*STORED DATA:*

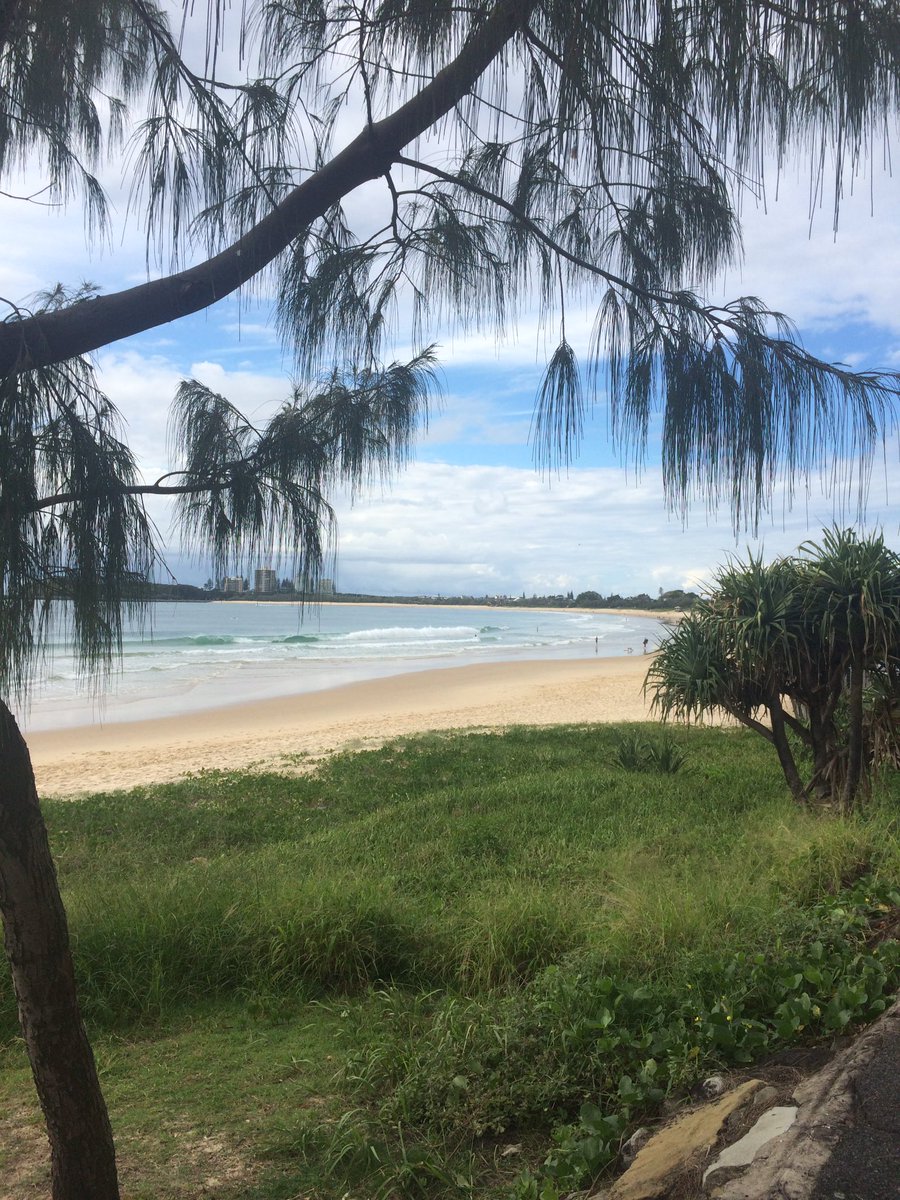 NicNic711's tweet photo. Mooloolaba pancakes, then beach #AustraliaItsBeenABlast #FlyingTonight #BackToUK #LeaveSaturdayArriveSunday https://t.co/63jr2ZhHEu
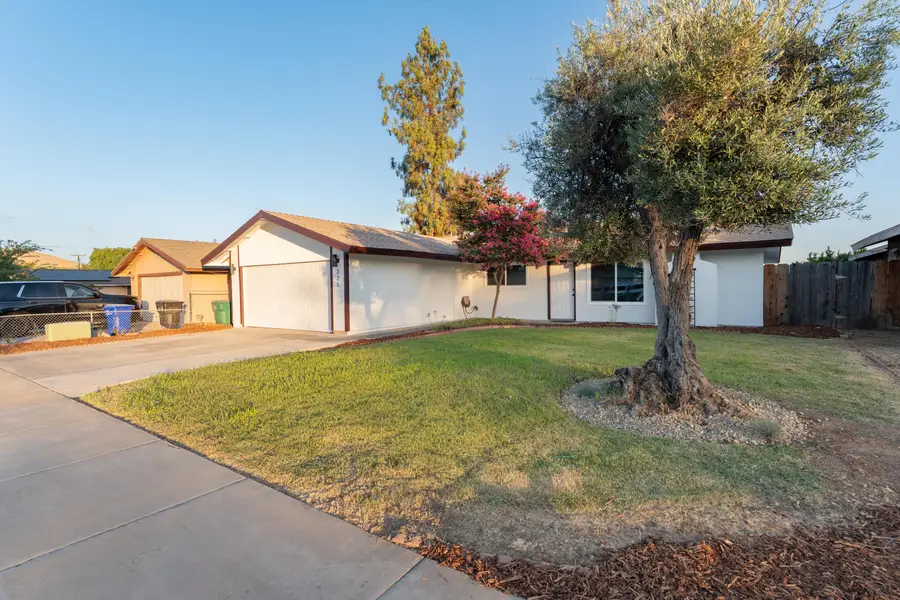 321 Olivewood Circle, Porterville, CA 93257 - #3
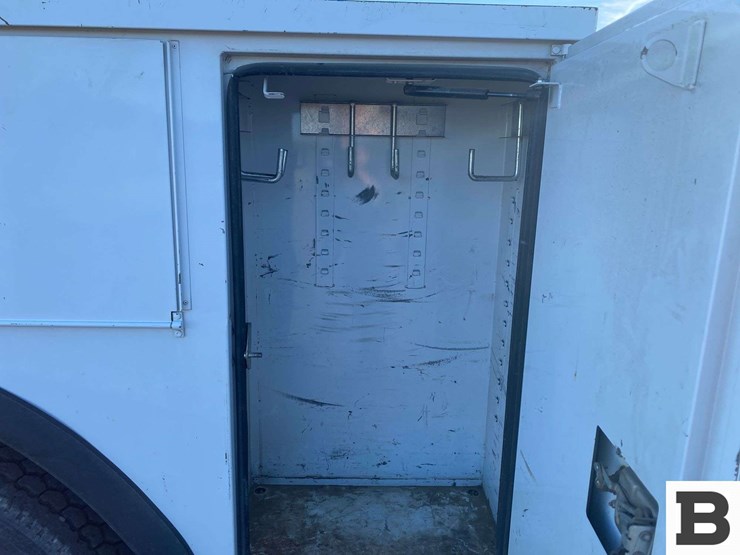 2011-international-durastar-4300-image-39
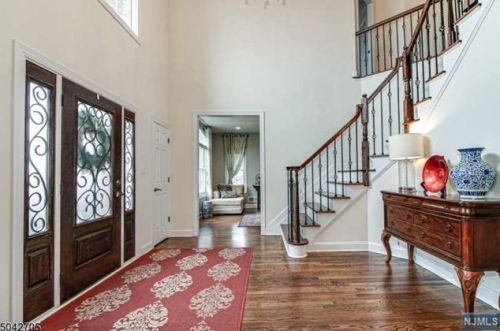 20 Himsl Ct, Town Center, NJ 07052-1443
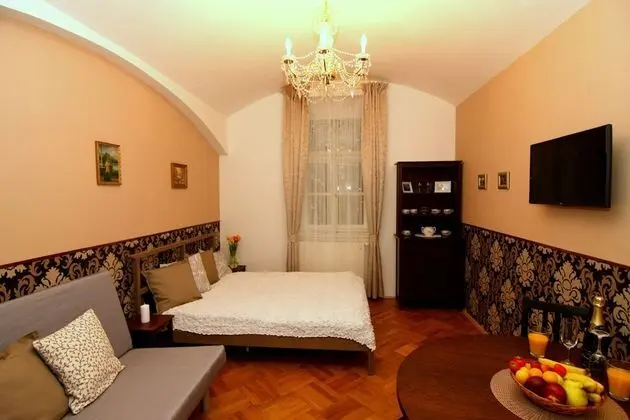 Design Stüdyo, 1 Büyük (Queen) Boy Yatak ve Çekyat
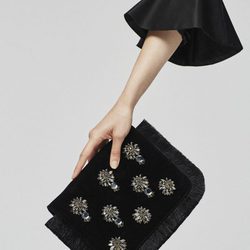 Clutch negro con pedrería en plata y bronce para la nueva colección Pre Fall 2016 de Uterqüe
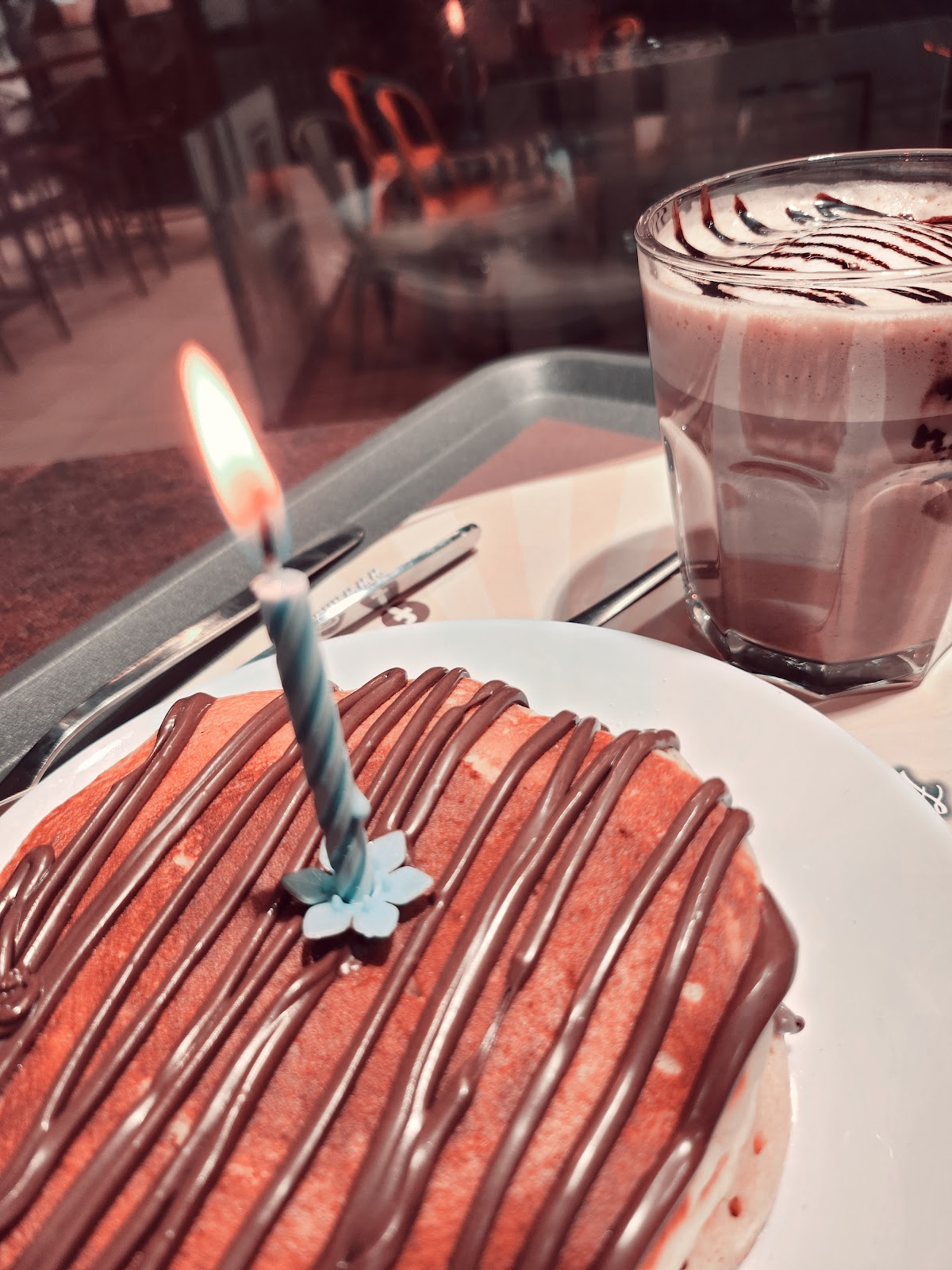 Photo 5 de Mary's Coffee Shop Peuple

* * *

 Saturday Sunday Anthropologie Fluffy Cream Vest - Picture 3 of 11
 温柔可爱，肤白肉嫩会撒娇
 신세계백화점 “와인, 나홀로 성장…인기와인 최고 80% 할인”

...

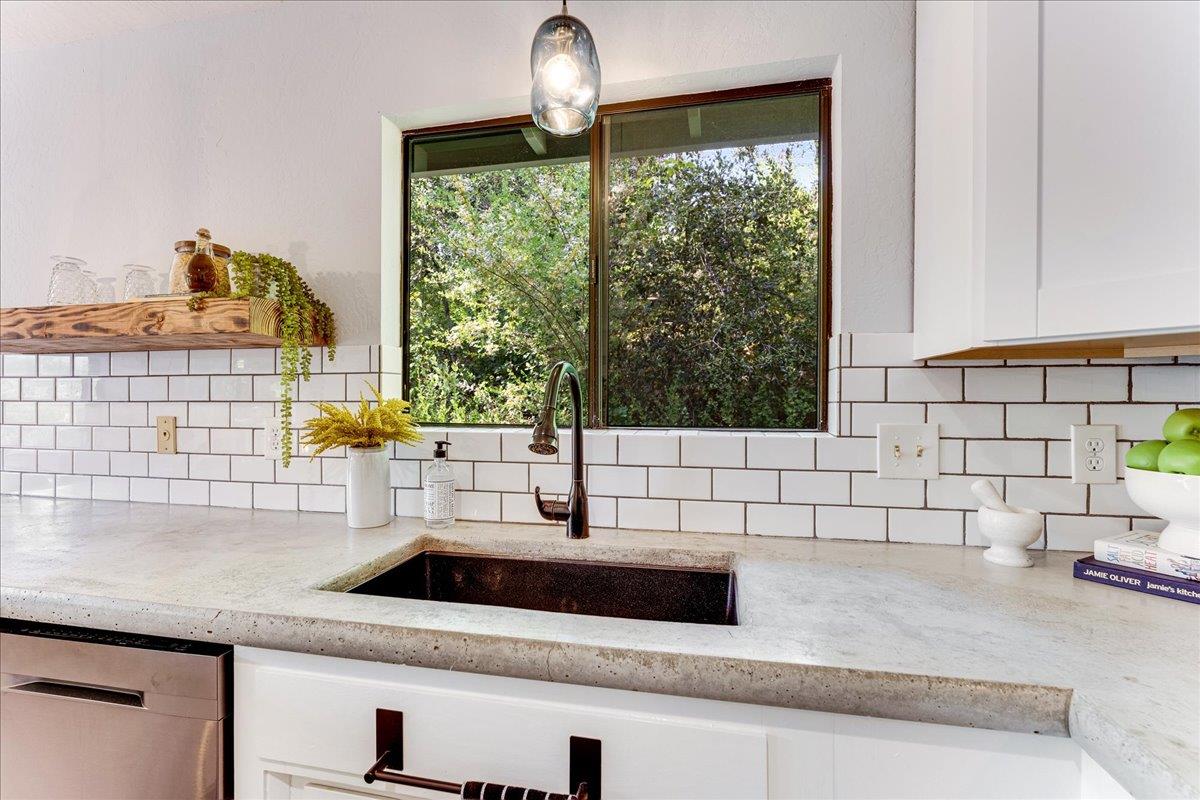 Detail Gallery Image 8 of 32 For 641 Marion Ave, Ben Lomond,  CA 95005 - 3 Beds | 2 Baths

*EXERCISE REQUIREMENTS:* From the entries above, copy exactly the lines starting at the one with "NicNic711's tweet photo." and stopping at the one with "Photo 5 de Mary's Coffee Shop Peuple", keeping both ends. Drop the pictures.

*REPLY TO THE EXERCISE:*
 NicNic711's tweet photo. Mooloolaba pancakes, then beach #AustraliaItsBeenABlast #FlyingTonight #BackToUK #LeaveSaturdayArriveSunday https://t.co/63jr2ZhHEu
 321 Olivewood Circle, Porterville, CA 93257 - #3
 2011-international-durastar-4300-image-39
 20 Himsl Ct, Town Center, NJ 07052-1443
 Design Stüdyo, 1 Büyük (Queen) Boy Yatak ve Çekyat
 Clutch negro con pedrería en plata y bronce para la nueva colección Pre Fall 2016 de Uterqüe
 Photo 5 de Mary's Coffee Shop Peuple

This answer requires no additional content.